Arpit Singh Gautam arpitsinghgautam

Hi 👋, I'm Arpit Singh Gautam

🔭 I’m a Data Scientist in the CSG CTO Lab at Dell Technologies, working on optimization, efficient inference, and scalable AI systems.
⚙️ I build systems for disaggregated serving, speculative decoding, and KV cache optimization that significantly improve LLM throughput and latency over existing inference frameworks.
🧠 My interests span generative AI, reinforcement learning, neural architecture search, distributed serving, and reasoning-centric LLMs.
📚 I care about research with real impact – from diffusion-based fact verification and theory of mind distillation to large-scale SQL reasoning and medical imaging.
👨‍🏫 I enjoy mentoring and teaching, including guiding 3300+ learners at IBM Z Datathon and mentoring hackathons and student communities.
💬 Ask me about LLMs, inference optimization, RAG, quantization, RL for models, and ML systems.

2025 — Paper "The Energy of Falsehood" submitted to EACL 2026 FEVER Workshop.
2025 — Paper "Faithful Theory of Mind Distillation" accepted at AAAI 2026 ToM Workshop.
2025 — Released CogniSQL-R1-Zero, a reinforced reasoning model for Text-to-SQL (via arXiv).

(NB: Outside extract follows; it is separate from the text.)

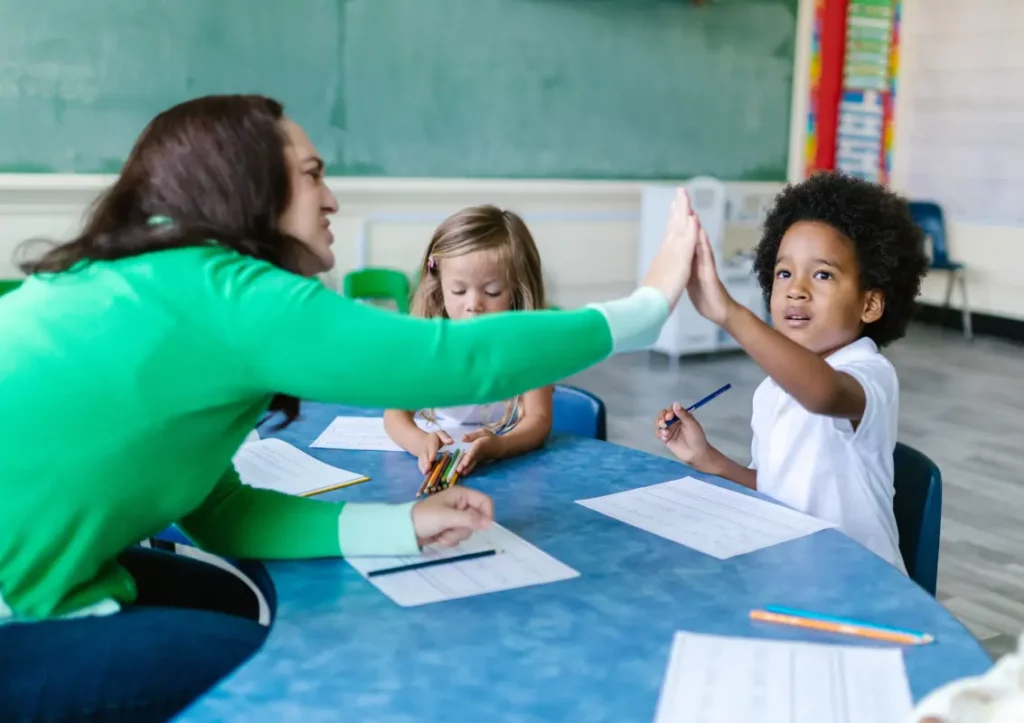 academias de refuerzo escolar - ¿Cómo elegir la mejor academia de refuerzo escolar par tus hijxs?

Data Scientist – CSG CTO Lab, Dell Technologies (Bengaluru) — Jul 2025 – Present
• Engineered a distributed inference system with disaggregated serving, speculative decoding, and KV cache quantization, achieving ~4x throughput and cutting latency from 2.5s to <1s vs vLLM baselines (5+ patents in the pipeline).
• Developed an RL-based quantization framework for LLM PTQ integrating neural architecture search, reaching 2.6x compression with minimal perplexity loss.
• Designed diffusion-based generative stability methods for automated fact verification, improving robustness and detecting confidently incorrect claims.
• Studied reasoning transfer via sequential SFT + preference refinement, improving reasoning fidelity and alignment (AAAI ToM Workshop 2026).
• Currently building a Mamba-based reranker to improve robustness of RAG systems against adversarial attacks.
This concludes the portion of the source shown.